Definition (Vector Space)

Let F be a field. A set V with two binary operations: + (addition) and ${\displaystyle \times }$ (scalar multiplication), is called a Vector Space if it has the following properties:

1. ${\displaystyle (V,+)}$ forms an abelian group
2. ${\displaystyle (a+b)v=av+bv}$ for ${\displaystyle a,b\in F}$ and ${\displaystyle v\in V}$
3. ${\displaystyle a(v+u)=av+au}$ for ${\displaystyle a\in F}$ and ${\displaystyle v,u\in V}$
4. ${\displaystyle (ab)v=a(bv)}$
5. ${\displaystyle 1_{F}v=v}$

The scalar multiplication is formally defined by ${\displaystyle F\times V{\xrightarrow {\phi }}V}$, where ${\displaystyle \phi ((f,v))=fv\in V}$.

Elements in F are called scalars, while elements in V are called vectors.

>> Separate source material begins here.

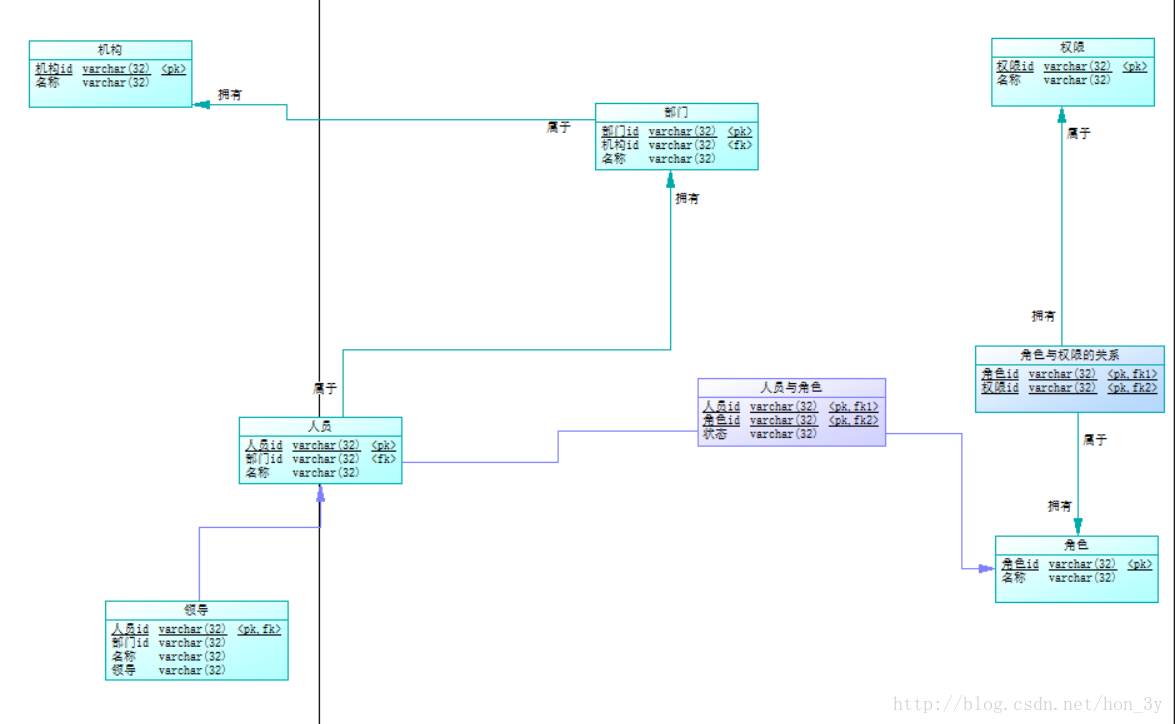 Hibernate【查询、连接池、逆向工程】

Some Properties of Vector Spaces

1. ${\displaystyle 0_{F}v=0_{V}=a0_{V}}$
2. ${\displaystyle (-1_{F})v=-v}$
3. ${\displaystyle av=0\iff a=0{\text{ or }}v=0}$

Proofs:

1. ${\displaystyle 0_{F}v=(0_{F}+0_{F})v=0_{F}v+0_{F}v\Rightarrow 0_{V}=0_{F}v.Also,a0_{V}=a(0_{V}+0_{V})=a0_{V}+a0_{V}\Rightarrow a0_{V}=0_{V}}$
2. We want to show that ${\displaystyle v+(-1_{F})v=0_{V}}$, but ${\displaystyle v+(-1_{F})v=1_{F}v+(-1_{F})v=(1_{F}+(-1_{F}))v=0_{F}v=0_{V}}$
3. Suppose ${\displaystyle av=0}$ such that ${\displaystyle a\neq 0}$, then ${\displaystyle a^{-1}(av)=a^{-1}0=0\Rightarrow 1_{F}v=v=0}$